• **TASK OBJECTIVE**
Return the following data exactly, with all pictures left out.

Image-text web data:
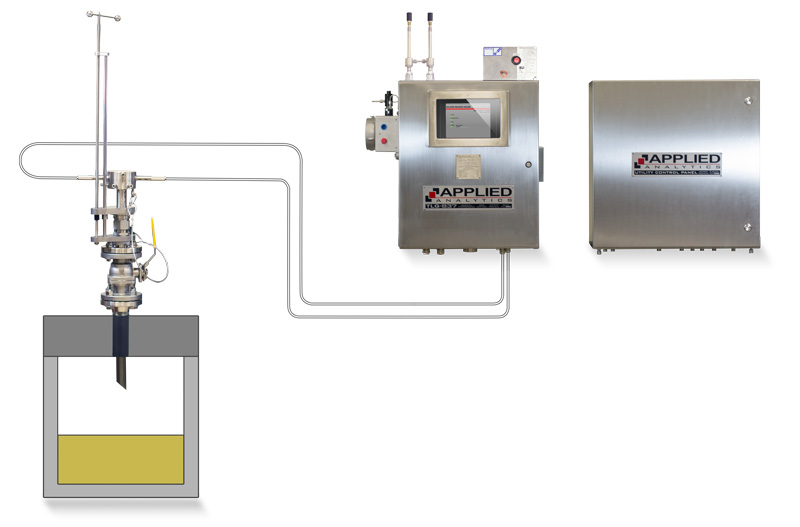TLG-837 控雾探头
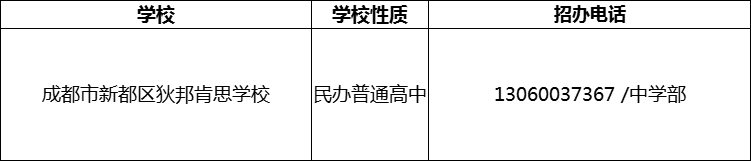 2024年成都市新都區(qū)狄邦肯思學(xué)校招辦電話是多少？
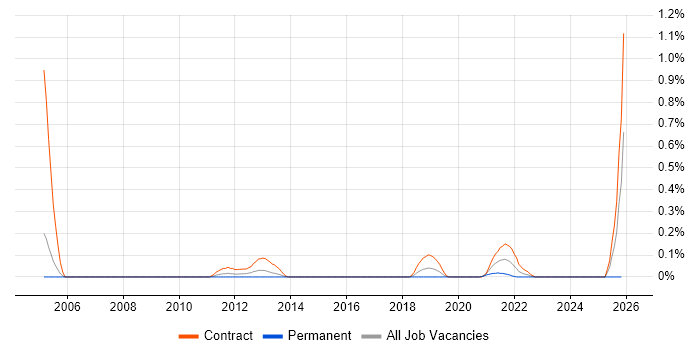 Remedy Architect job vacancy trend in Reading
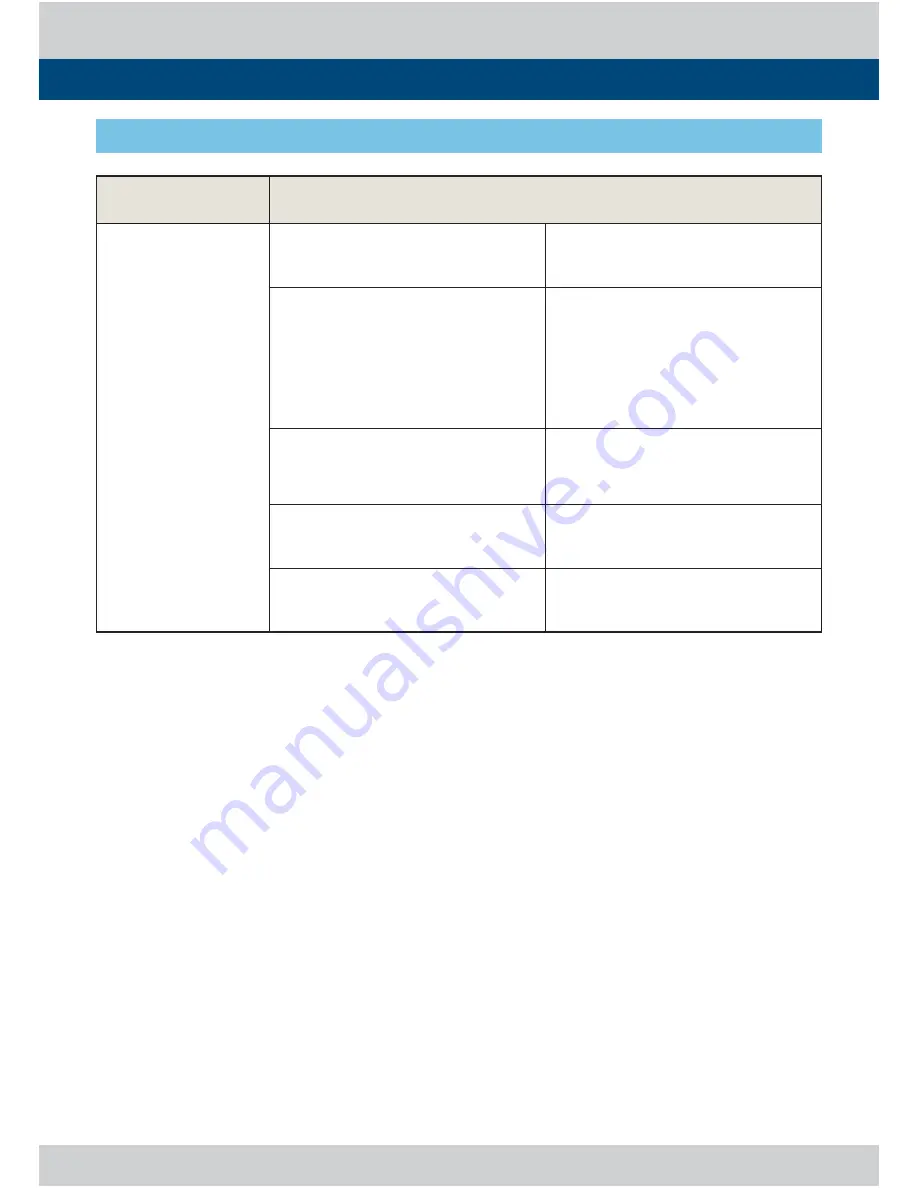 TVLogic LUM-310R Operation Manual Download Page 28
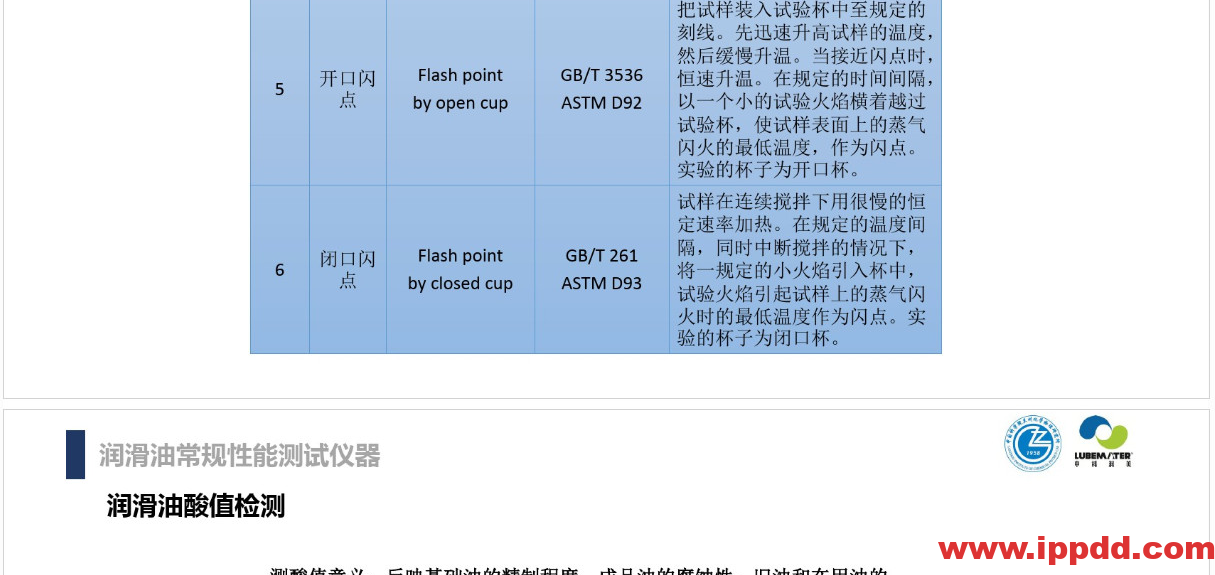 (完整版)润滑油脂性能指标解读PPT
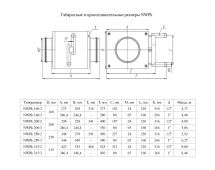 Канальный нагреватель NWPk 315/3 водяной круглый Неватом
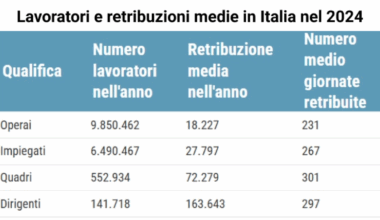 Stipendi, dai dirigenti agli operai: la classifica Inps delle retribuzioni in Italia. Chi guadagna e chi resta indietro
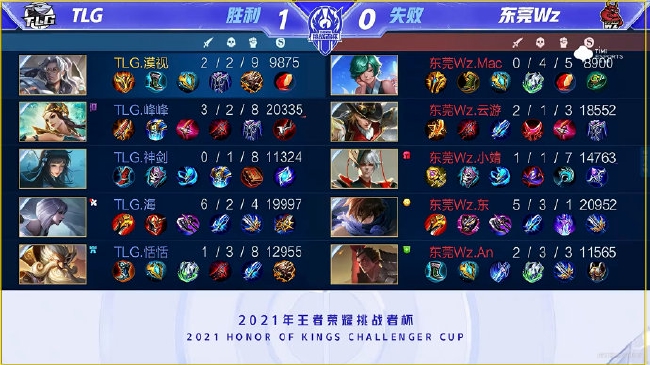 伊万科维奇 伊万科维奇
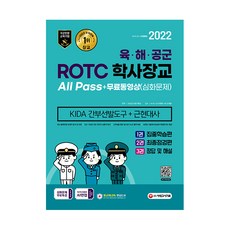 2022 ROTC 學士軍官 KIDA 近現代史 + 免費影片 深化問題, 時代考試企劃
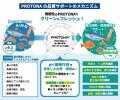 魚のポテンシャルを引き出す “水”『PROTONA（プロトナ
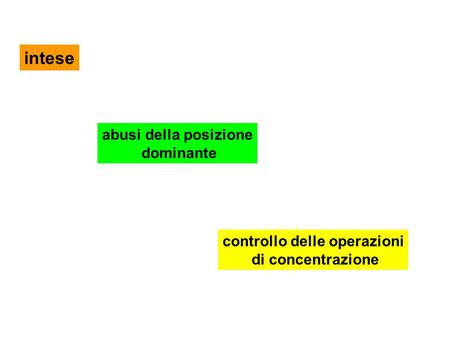 intese abusi della posizione dominante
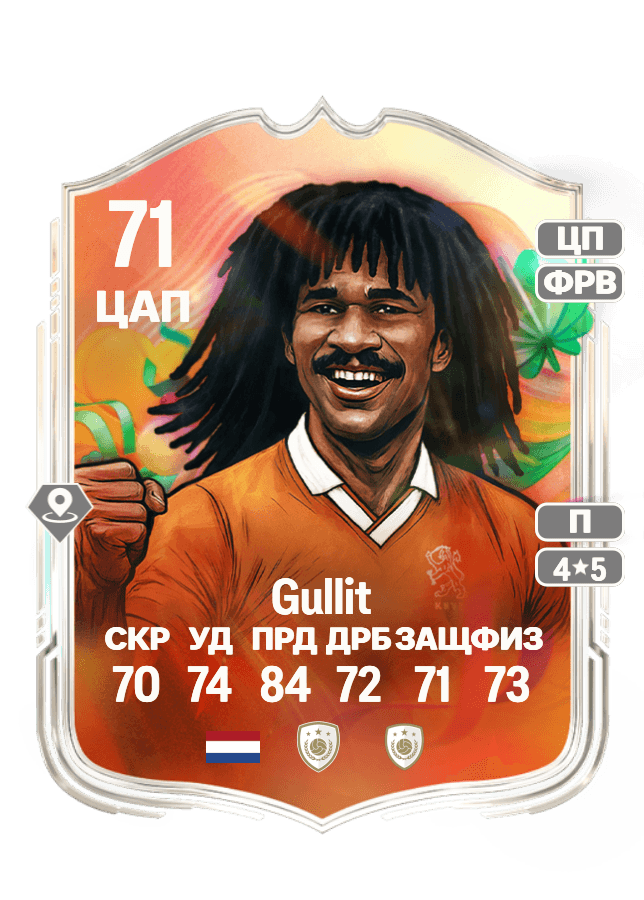 Ruud Gullit card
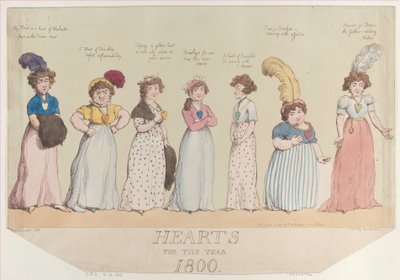 Corazones para el Año 1800, 20 de abril de 1800 de Thomas Rowlandson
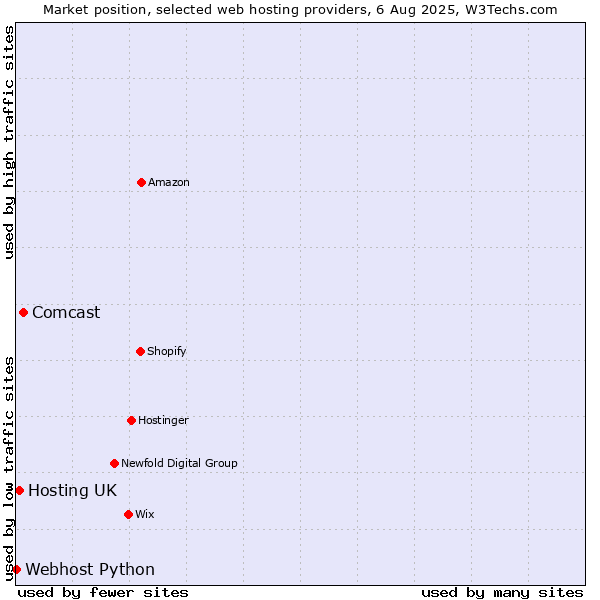 Market position of Comcast vs. Hosting UK vs. Webhost Python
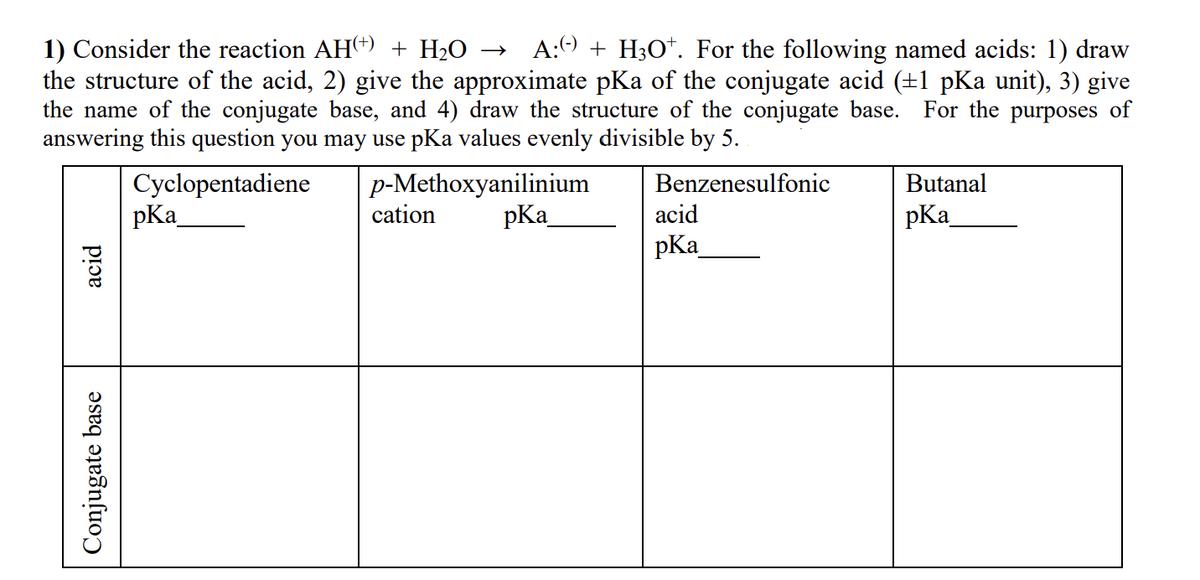 Conjugate base
acid
Cyclopentadiene
pKa
1) Consider the reaction AH(+) + H₂O →> A:+H3O+. For the following named acids: 1) draw
the structure of the acid, 2) give the approximate pKa of the conjugate acid (±1 pKa unit), 3) give
the name of the conjugate base, and 4) draw the structure of the conjugate base. For the purposes of
answering this question you may use pKa values evenly divisible by 5.
p-Methoxyanilinium
cation pKa
Benzenesulfonic
acid
Butanal
pKa
pKa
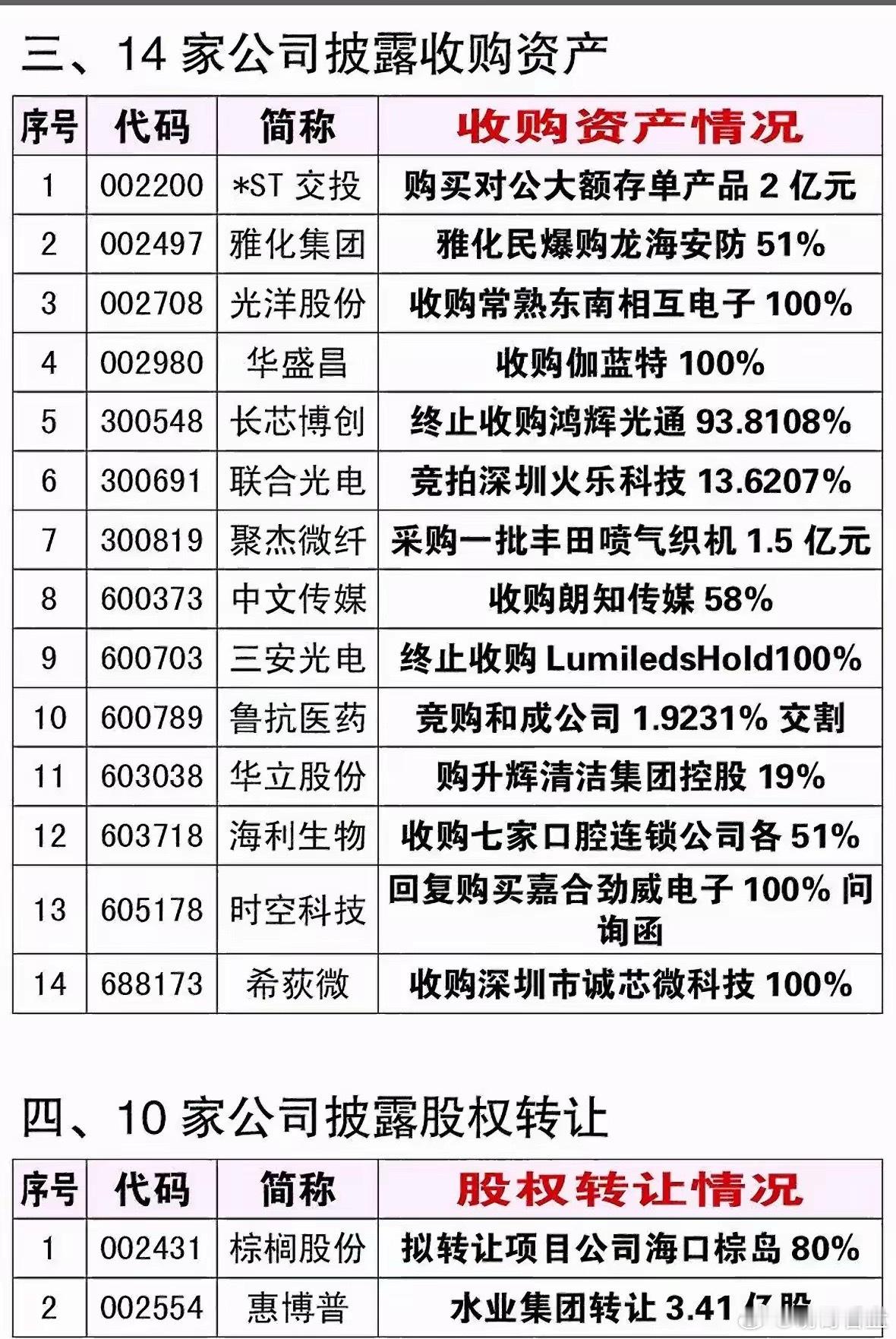 4月17日晚-4月18日早，多家上市公司发布资产重组、控制权变更及股权转让相关公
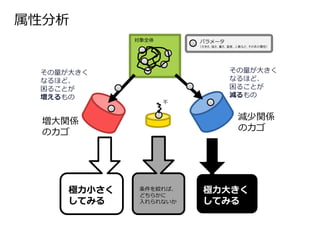 増⼤関係 
のカゴ 
減少関係 
のカゴ 
対象全体 
不 
パラメータ 
（大きさ、強さ、重さ、温度、人数など、その系の属性） 
属性分析 
その量が⼤きく 
なるほど、 
困ることが 
増えるもの 
その量が⼤きく 
なるほど、 
困ることが 
減るもの 
極⼒⼩さく 
てみる 
極⼒⼤きく 
してみる 
条件を絞れば、 
どちらかに 
⼊れられないか 
極⼒⼩さく 
しみる 
極⼒⼤きく 
てみる 
条件を絞れば、 
どちらかに 
⼊れられないか 
 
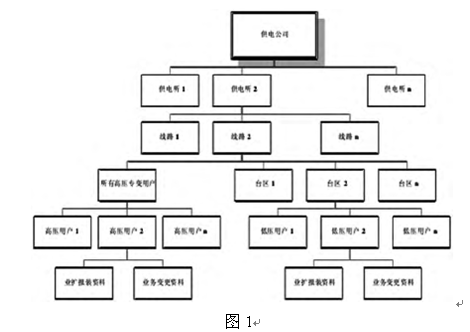 探讨电力营销客户档案管理信息系统设计与实现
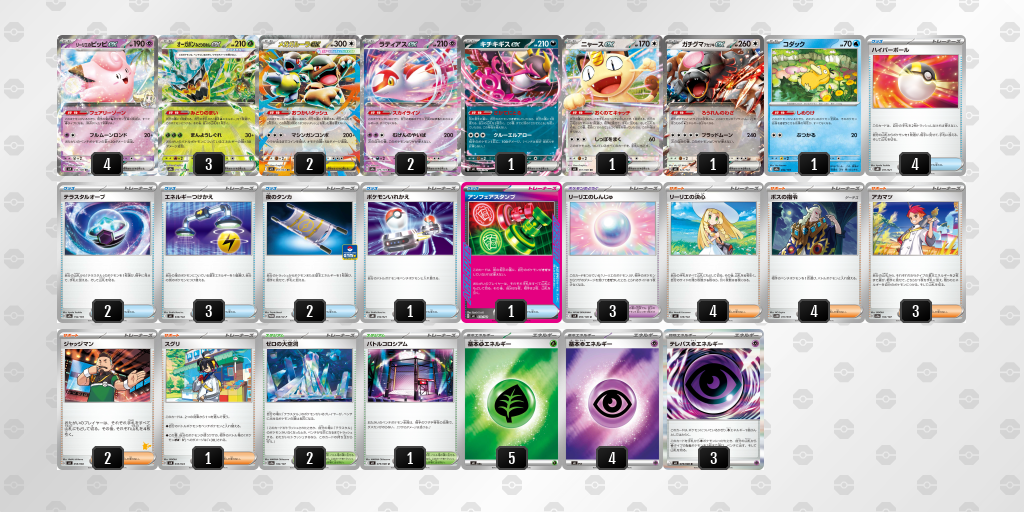 ベスト16 メガガルーラex／リーリエのピッピex 60枚デッキレシピ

• **ANSWER FOR THIS EXERCISE**
TLG-837 控雾探头
 2024年成都市新都區(qū)狄邦肯思學(xué)校招辦電話是多少？
 Remedy Architect job vacancy trend in Reading
 TVLogic LUM-310R Operation Manual Download Page 28
 (完整版)润滑油脂性能指标解读PPT
 Канальный нагреватель NWPk 315/3 водяной круглый Неватом
 Stipendi, dai dirigenti agli operai: la classifica Inps delle retribuzioni in Italia. Chi guadagna e chi resta indietro
 伊万科维奇 伊万科维奇
 2022 ROTC 學士軍官 KIDA 近現代史 + 免費影片 深化問題, 時代考試企劃
 魚のポテンシャルを引き出す “水”『PROTONA（プロトナ
 intese abusi della posizione dominante
 Ruud Gullit card
 Corazones para el Año 1800, 20 de abril de 1800 de Thomas Rowlandson
 Market position of Comcast vs. Hosting UK vs. Webhost Python
 Conjugate base
acid
Cyclopentadiene
pKa
1) Consider the reaction AH(+) + H₂O →> A:+H3O+. For the following named acids: 1) draw
the structure of the acid, 2) give the approximate pKa of the conjugate acid (±1 pKa unit), 3) give
the name of the conjugate base, and 4) draw the structure of the conjugate base. For the purposes of
answering this question you may use pKa values evenly divisible by 5.
p-Methoxyanilinium
cation pKa
Benzenesulfonic
acid
Butanal
pKa
pKa
 4月17日晚-4月18日早，多家上市公司发布资产重组、控制权变更及股权转让相关公
 増⼤関係 
のカゴ 
減少関係 
のカゴ 
対象全体 
不 
パラメータ 
（大きさ、強さ、重さ、温度、人数など、その系の属性） 
属性分析 
その量が⼤きく 
なるほど、 
困ることが 
増えるもの 
その量が⼤きく 
なるほど、 
困ることが 
減るもの 
極⼒⼩さく 
てみる 
極⼒⼤きく 
してみる 
条件を絞れば、 
どちらかに 
⼊れられないか 
極⼒⼩さく 
しみる 
極⼒⼤きく 
てみる 
条件を絞れば、 
どちらかに 
⼊れられないか 
 
 探讨电力营销客户档案管理信息系统设计与实现
 ベスト16 メガガルーラex／リーリエのピッピex 60枚デッキレシピ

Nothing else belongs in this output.